Although the data is static and a company will rarely, if ever, need to access it, those with the ability to do so quickly and efficiently are light years ahead of those that treat it otherwise. Today's investments in archiving have foolishly become focused entirely on media capacity. Unfortunately, cramming more information into historically unreliable, complicated, and inefficient media will only exacerbate any future problems that arise.
And despite all the storage innovations of the past 20 years, it's interesting how IT clings to tape,because it's "a legacy technology with deep market penetration (meaning less upfront investment), and...a relatively stationary medium"
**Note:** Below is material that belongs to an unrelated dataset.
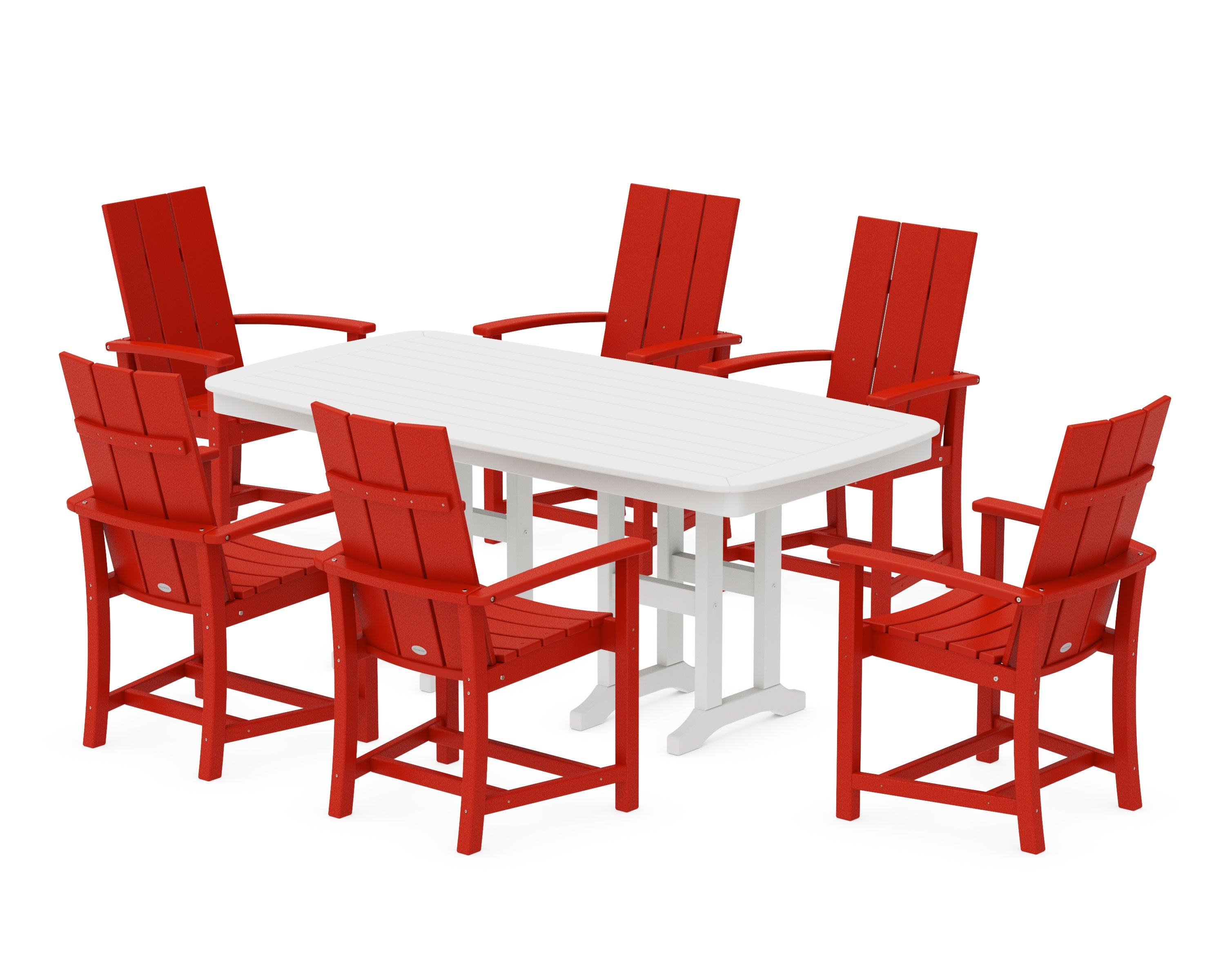 Modern Adirondack 7-Piece Dining Set in Sunset Red / White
Unlike newer open systems technologies, tape is an "all-or-nothing" medium when it comesbackward or cross-vendor compatibility. Tape continues to evolve, but rapid changes in the technology have, in many cases, done more harm than good. For example, one of the leading tape manufacturers introduced seven new "generations" of tape technology in a 10-year span. Not only are the migrations between generations slow, but they're costly, and new tape technologies still fall short in meeting the performance or lifespan requirements of e-discovery and compliance.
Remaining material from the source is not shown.